At 17, Indian-origin girl gets into all Ivy League schools
WASHINGTON: At just 17, an Indian-origin girl has earned admission to 14 top US universities, including all eight Ivy League schools that are considered the most prestigious varsities worldwide.
Virginia-born Pooja Chandrashekar decided to apply to all eight colleges hoping to get into just one of them. But now she has the choice to get into Harvard, Yale, Princeton, Cornell, Dartmouth, Columbia, Brown, and the University of Pennsylvania besides six other elite universities in the US, including Stanford and MIT.
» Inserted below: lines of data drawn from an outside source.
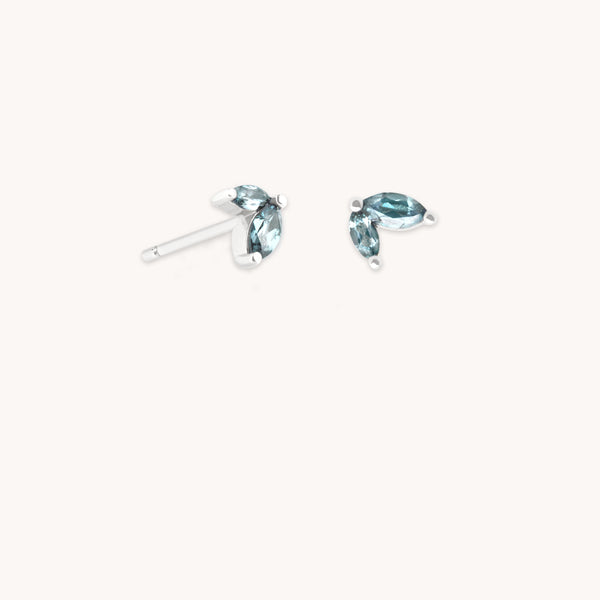 Earrings - Alexandrite Marquise Studs in Solid White Gold - Stud Earrings - Astrid & Miyu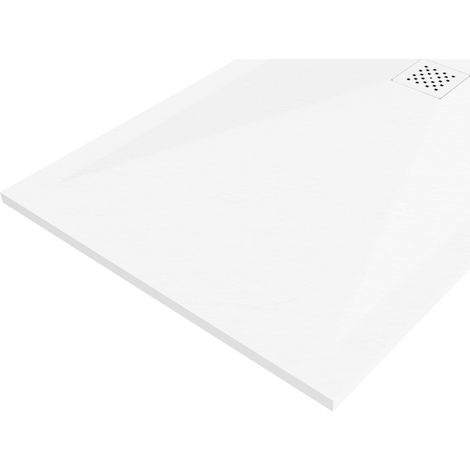 Mexen Stone+ receveur de douche en composite rectangulaire 110 x 80 cm, blanc, plaque blanche - 44108011-W (1/5)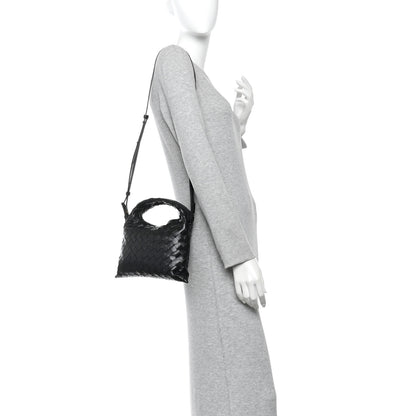 Bottega Veneta Calfskin Intrecciato Mini Hop Black 2 of 10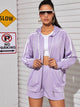 Striped Side Drawstring Zip Up Hooded Jacket With Shorts
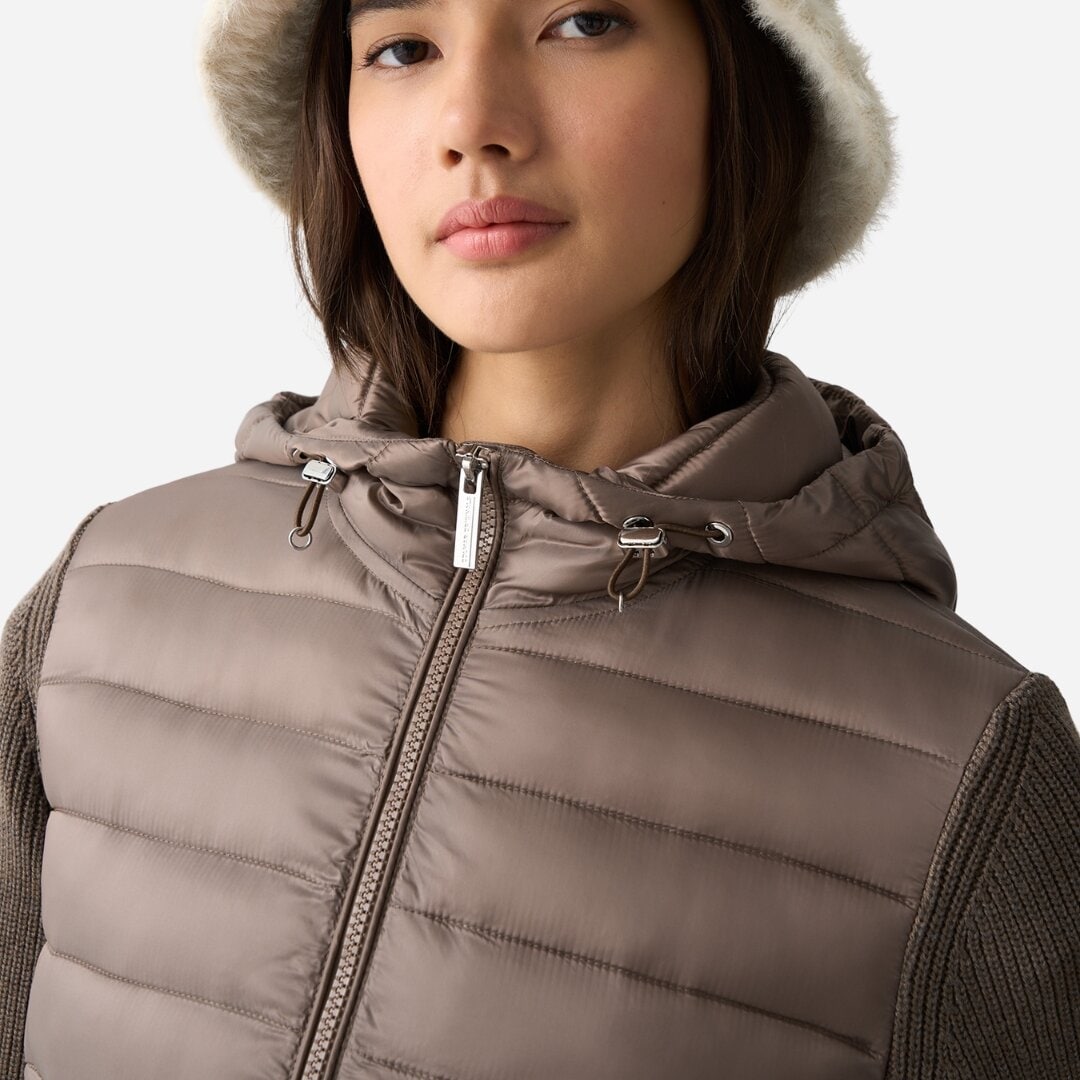 Hooded Jacket With Knit Sleeves - Yam Brown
Pooja, the only daughter of two engineers who immigrated to the US from Bangalore, got a SAT score of 2390 out of 2400, a 4.57 grade point average and aced all 13 of her Advanced Placement exams.
The brainy teenager, who graduated from Thomas Jefferson High School for Science and Technology, a top-ranked magnet school in Virginia, has developed a mobile app that analyses speech patterns and predicts with 96 per cent accuracy if a person has Parkinson’s disease. She has also founded a organisation that encourages middle-school American girls to participate in science, technology, engineering and math (STEM) programmes. Pooja said that she decided to apply to all eight ivies hoping to get into just one of them, “because college admissions are really unpredictable.”
“They are all fantastic schools, so I couldn’t discount any of them…I wanted to make sure I could get into a really good school and have more choices,” she told The Washington Post.
She has narrowed her list to Harvard, Stanford and Brown, where she got into a programme that guarantees her admission to the university’s medical school. Pooja said that what sets her apart is her passion for promoting STEM among young girls. Her non-profit ProjectCSGirls, hosts nationwide computer science competitions, “dedicated to closing the tech gender gap.”
She wrote one of her college application essays about being a woman interested in a career in computer science, a field long dominated by men. She said she was often one of just a handful of girls in her high school technology classes. “I want to encourage diversity in the field,” she told the daily.